# Knobb Creek



## Schecter30 (Dec 12, 2006)

Im thinking about getting a bottle and trying some. Its probably best straight but I was wondering if it was good to mix with anything.


----------



## newcigarz (Feb 11, 2007)

Schecter30 said:


> Im thinking about getting a bottle and trying some. Its probably best straight but I was wondering if it was good to mix with anything.


I like to mix mine with more Knob Creek!


----------



## mikey202 (Dec 29, 2005)

It is good mixed with Coke.
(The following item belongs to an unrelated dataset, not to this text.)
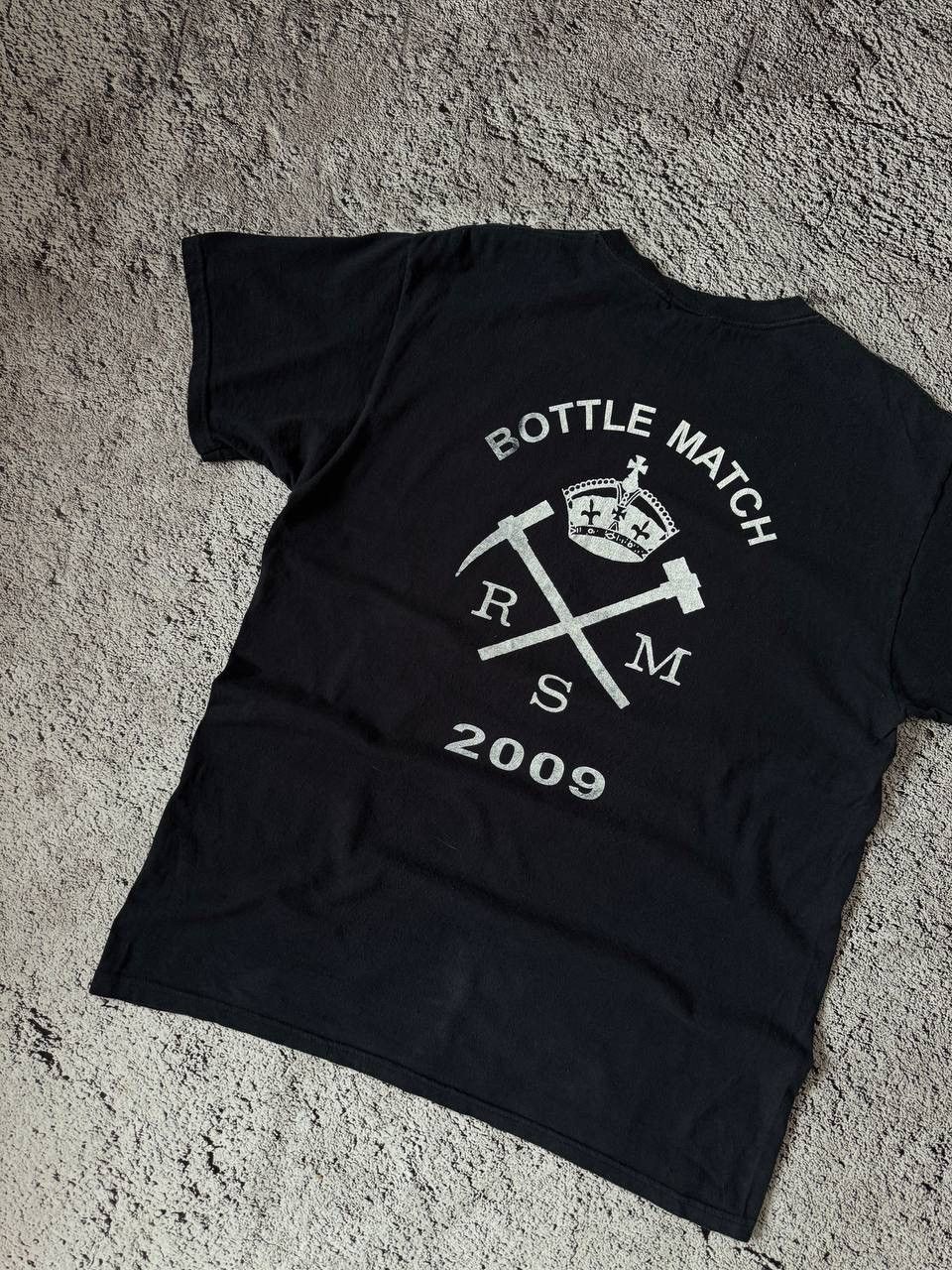 Vintage Vintage “CSM vs RSM” Funny Graphic Tee – Bottle Match 2009 Size US L / EU 52-54 / 3 - 6 Thumbnail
It's like Jim Beam on steroids!!!!:ss Get some..you won't be sorry.


----------



## DennisP (May 13, 2007)

I mix mine with 2 ice cubes.


----------



## burninator (Jul 11, 2006)

Only two things appropriate for mixing with whiskey....water and more whiskey!:al


----------



## ggriffi (Mar 17, 2007)

mikey202 said:


> It is good mixed with Coke. It's like Jim Beam on steroids!!!!:ss Get some..you won't be sorry.


:tpd:

gary


----------



## Woogie (Mar 6, 2007)

I am with the earlier posts. I drink it either straight, or with a splash of coke.

Woogie


----------



## Commander Quan (May 6, 2003)

Schecter30 said:


> Im thinking about getting a bottle and trying some. Its probably best straight but I was wondering if it was good to mix with anything.


YES it's good either way


----------



## Guitarman-S.T- (Jun 14, 2006)

mINT julep's are great with knob... an old fasion... othen then that... i vouch for the 2 ice cubes 
perfect mix.. Or the Black Tooth GRIN!!!
glass of bourbon with just a Splash of coke \m/,
R.I.P-Dimebag


----------



## freaky cigar guy (Apr 20, 2007)

The Creek is a little sweet (to me). Great flavor....... I like it straight (no ice) on some days...... straight chilled (with ice)......... and some days with a splash of coke with a lime

-FCG


----------



## screwbag (Apr 21, 2007)

A skydiving buddy of mine and I have a bottle of this...we only see each other maybe once or twice a year....and when we do we each have a bit...and then the bottle trades hands....our bottle was bought in 2001...and not half way gone yet....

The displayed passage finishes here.